Still, there’s plenty of stability with older people – even among senior citizens. The site’s true future could boil down to what world governments decide to do, if anything, about Facebook’s growing influence.

“I don’t think the question is [what is] ‘killing Facebook’,” says Sherry Turkle, professor of the social studies of science and technology at the Massachusetts Institute of Technology. “I think the question is what would get people to an appropriate use of Facebook. To the extent that we ‘knew’ about it before, we found ways to put it out of mind. Now, we can no longer do this.” We’re now all too familiar with the dangers of data leaks and fake news.

“And so, there is a consumer movement that demands more appropriate parameters. People demand to control how Facebook uses their data and people put on Facebook only what they are willing to have shared.”

There’s also the simple fact that Facebook has a monopoly.

“Facebook’s sheer size and cash on hand means that they can either acquire or effectively shut down any competition,” says Galloway, pointing to examples like WhatsApp and Instagram, which were eventually absorbed into the Facebook behemoth.

For now, Facebook is still so entrenched in our daily lives, there’s not going to be an immediate escape.

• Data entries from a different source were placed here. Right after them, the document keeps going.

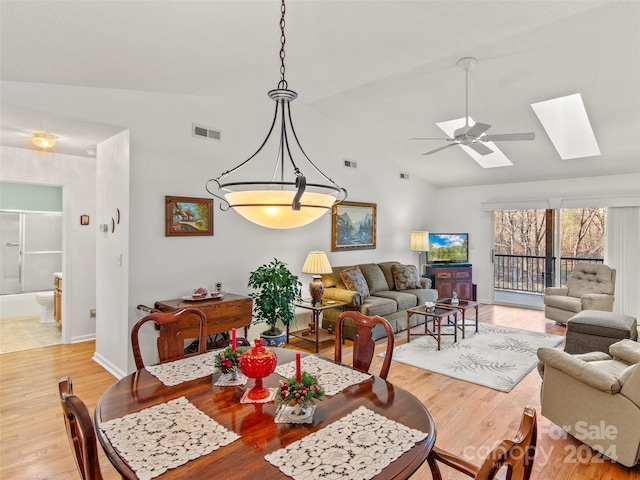 dining space with ceiling fan, light wood-type flooring, and lofted ceiling with skylight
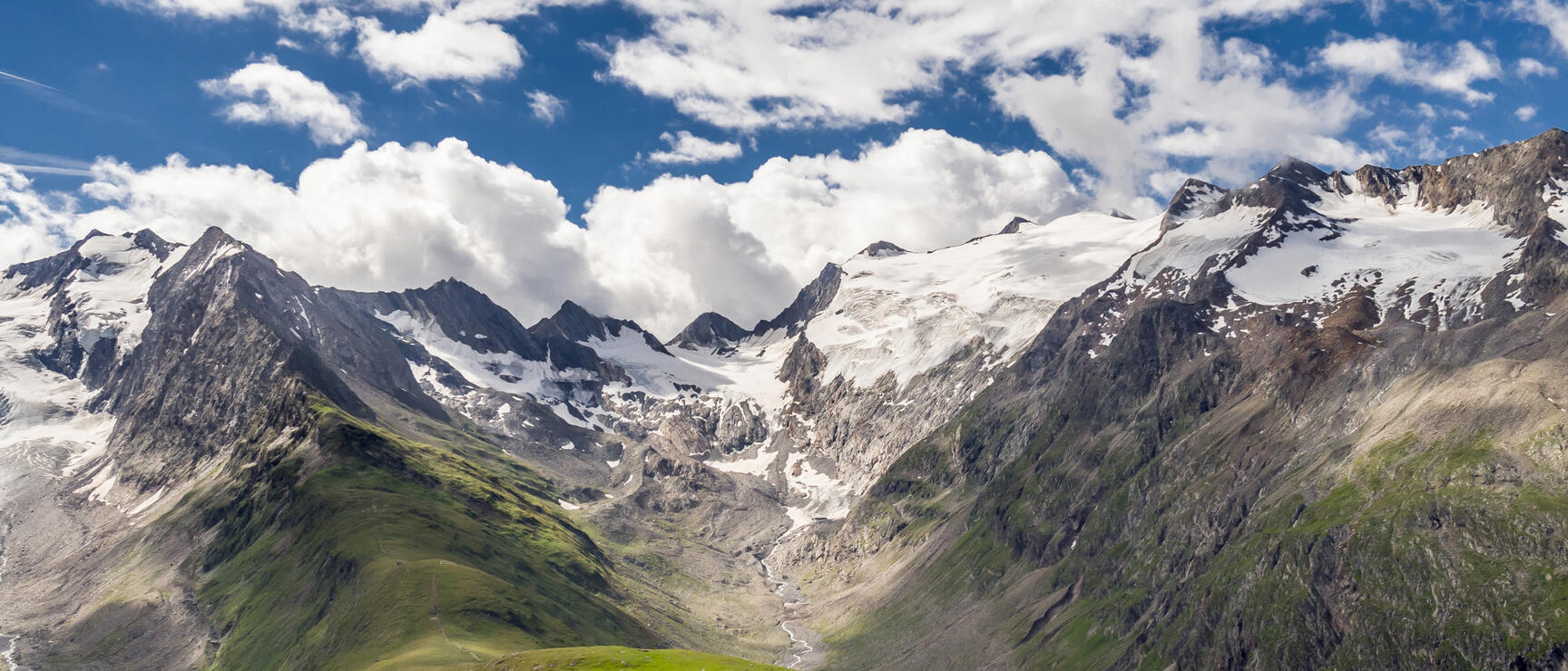 Alpine hut on green high meadow with glaciated mountains and glacier tongue in background under blue sky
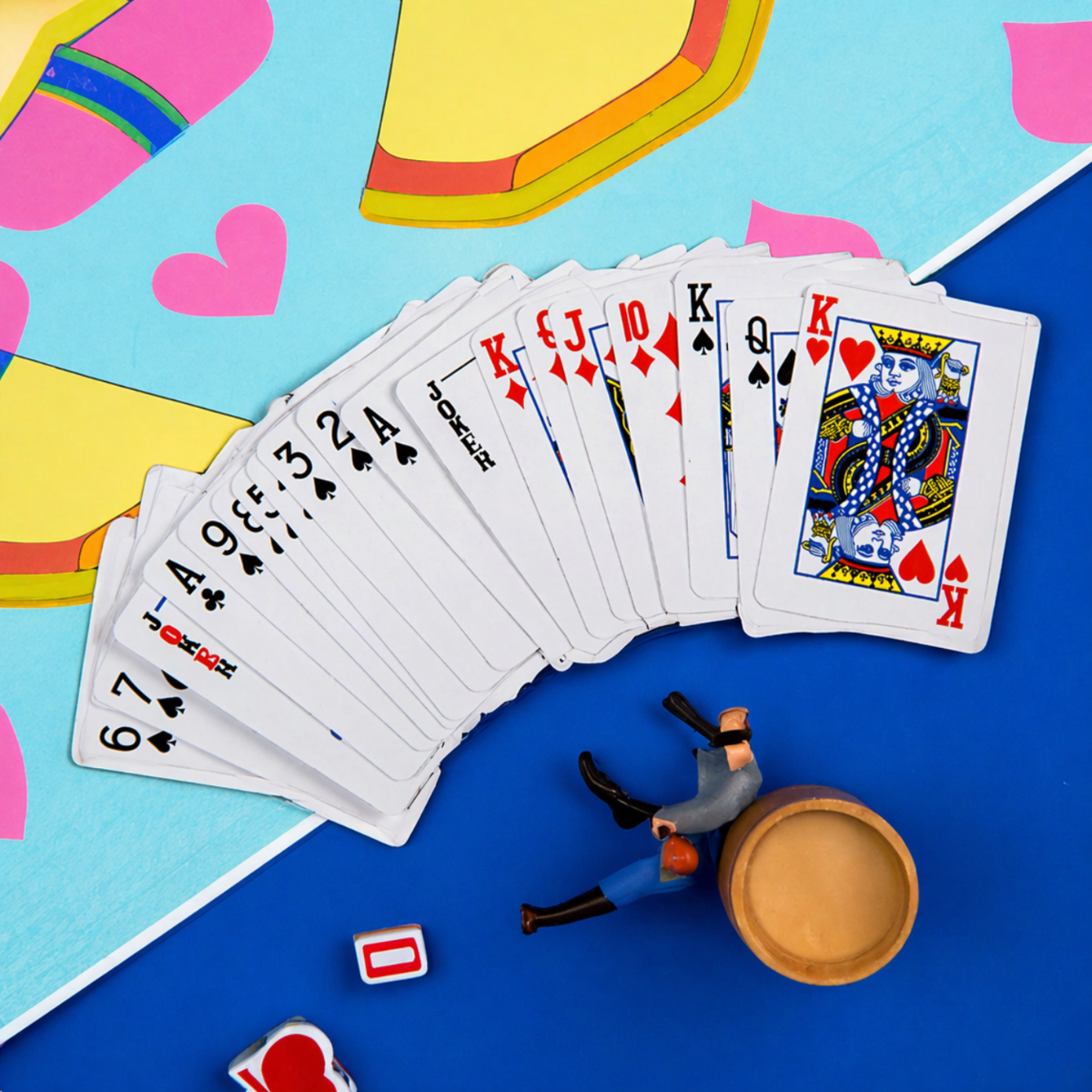 Een waaier speelkaarten, inclusief Jokers en Koningen, ligt op blauw oppervlak bij speelgoedfiguur.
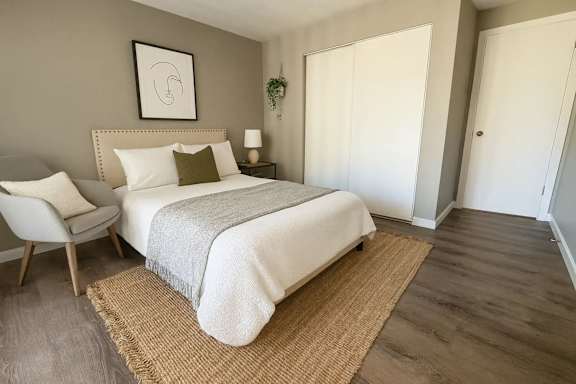 A bedroom with a bed, chair, and a rug.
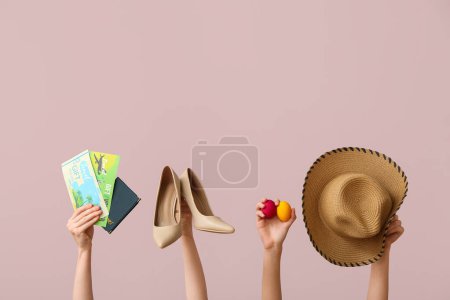 Foto de Manos femeninas sosteniendo cupones de regalo con zapatos, sombrero y huevos de Pascua sobre fondo rosa. Concepto de viaje - Imagen libre de derechos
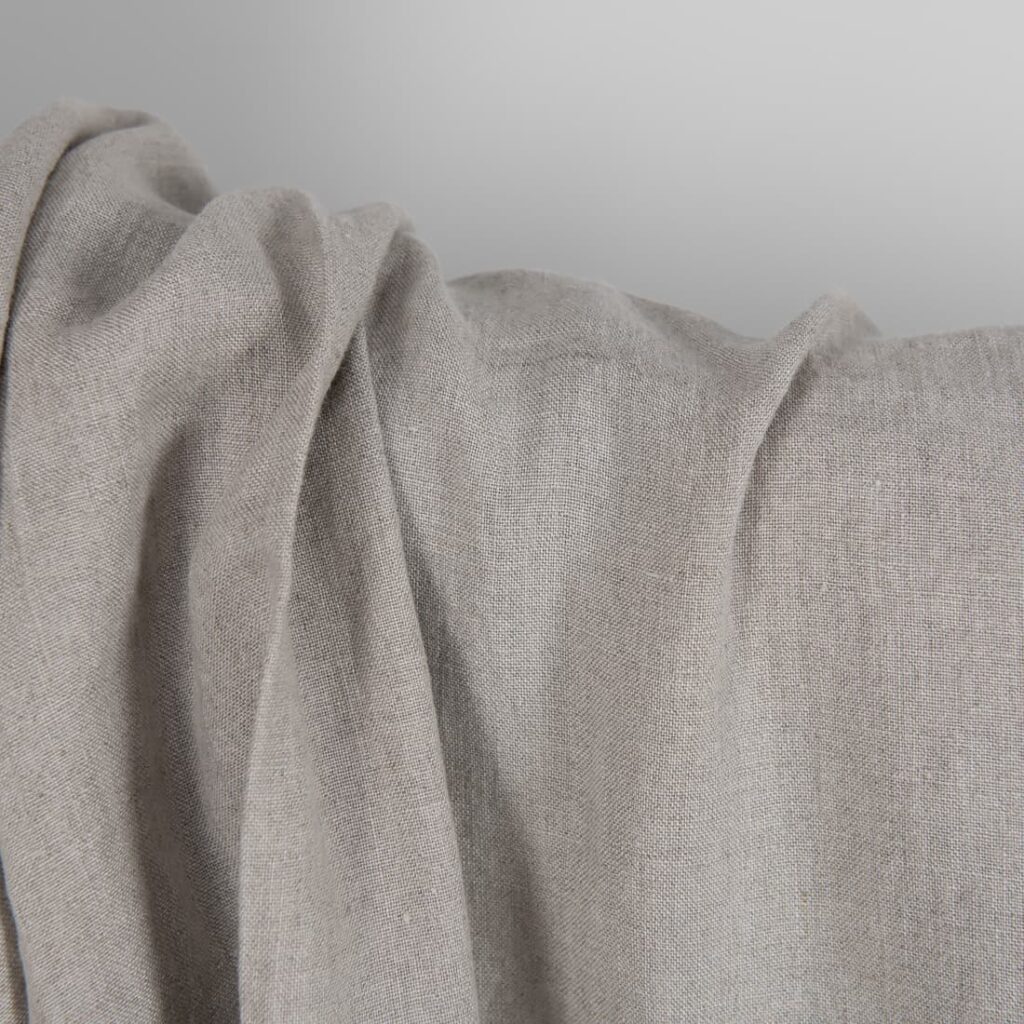 Washed linen fabric in natural grey texture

“What’s more likely to happen is that people start to realise the markets and economy might be better off – by stimulating innovation, creating new jobs – if we were to break it up and have multiple firms instead of just one,” Galloway says. That’s the more likely outcome than Facebook just crashing, burning and disappearing altogether, according to the experts.

For this to happen, governments will crack down on regulation to make Facebook less powerful. And while Facebook’s success has satisfied our human needs for connections, its sheer size, massive user base, and staying power has brought with it unprecedented scrutiny – like the kind we’ve seen this week in Europe.

“We’ll need to have a new fighter in the corner for people,” Hogan says.